Sind alle Diabetes-Tabletten verschreibungspflichtig? Ja, ausnahmslos in Deutschland, Österreich und der Schweiz.
Wie unterscheiden sich die Kosten in Deutschland, Österreich und der Schweiz? Deutschland verlangt eine Zuzahlung von 5–10 € pro Medikament, Österreich eine feste Rezeptgebühr von 7,55 € pro Packung, die Schweiz dagegen eine jährliche Franchise plus prozentualen Selbstbehalt statt einer festen Gebühr pro Packung.

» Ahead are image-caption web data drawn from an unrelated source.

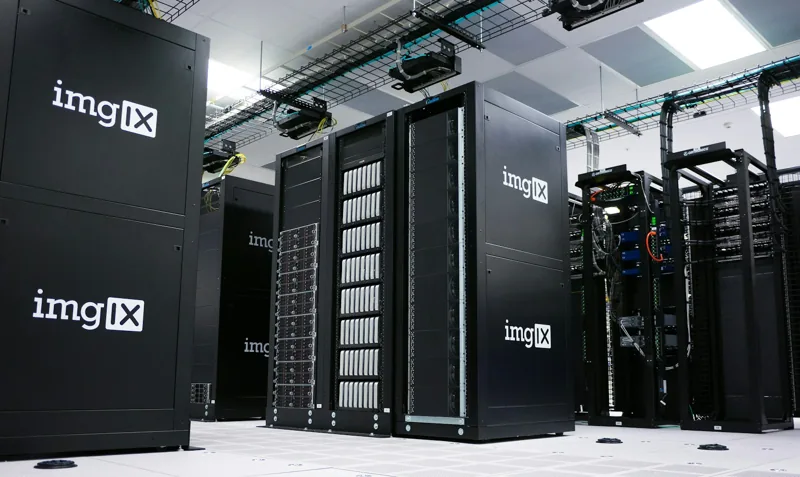 Racks de servidores como referencia de infraestructura tecnológica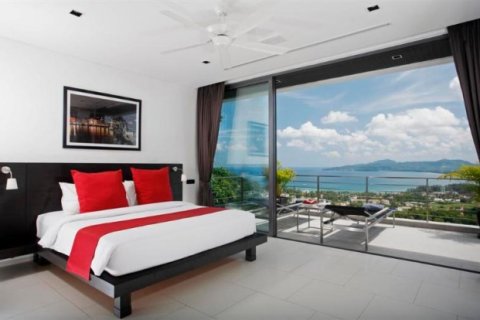 Chalet de 5 dormitorios en Surin Beach, Tailandia № 191223 - foto 17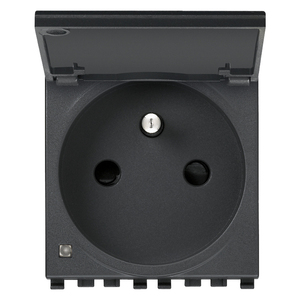 เต้ารับไฟฟ้า Sicury 2P+T 16A พร้อมฝาครอบสีเทา สำหรับใช้งานภายในอาคาร - Product Image 1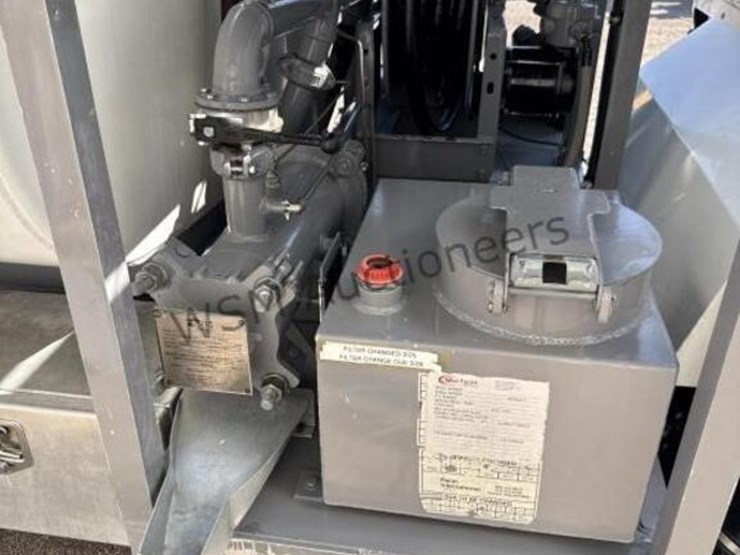 2004-isuzu-npr-image-7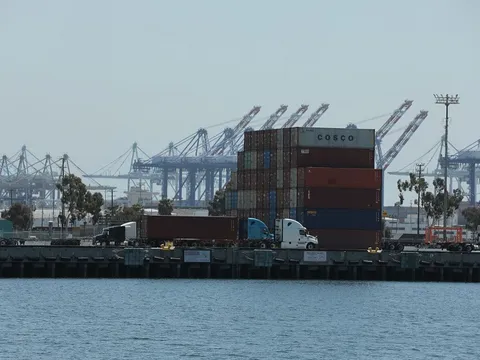 Tương lai toàn cầu hóa: Sự trỗi dậy của chủ nghĩa bảo hộ và địa chính trị mới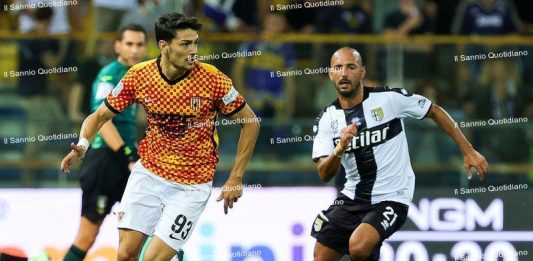 Barba in Mls, il difensore vuole rimanere in Italia e prende tempo. Il Benevento però ha fretta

Bedeutet die Einnahme von Tabletten, dass ich essen kann, was ich möchte? Nein. Tabletten ergänzen die Basistherapie aus Ernährung und Bewegung, ersetzen sie aber nicht – dauerhaft ungesunde Ernährung kann trotz Medikamenteneinnahme zu erhöhten Werten und Folgeerkrankungen führen.
Ab wann brauche ich Insulin, wenn ich bisher nur Tabletten genommen habe? Wenn die Blutzuckerwerte trotz einer maximal verträglichen Kombination oraler Medikamente nicht mehr im Zielbereich bleiben oder die Nierenfunktion wichtige Tablettenoptionen ausschließt.
Diabetes-Tabletten sind ein wirksames und wichtiges Werkzeug – aber eben nur ein Werkzeug, kein Freibrief. Wer sie einnimmt und gleichzeitig glaubt, dadurch uneingeschränkt wie vor der Diagnose weiterleben zu können, unterschätzt, dass die Basistherapie aus Ernährung und Bewegung in jeder Leitlinie ausdrücklich als fortbestehender Teil der Behandlung gilt – nicht als überflüssig gewordener erster Schritt.
Dieser Beitrag dient der allgemeinen Information und ersetzt keine individuelle ärztliche Beratung. Fragen zur eigenen Medikation sollten immer mit der behandelnden Ärztin oder dem Arzt besprochen werden.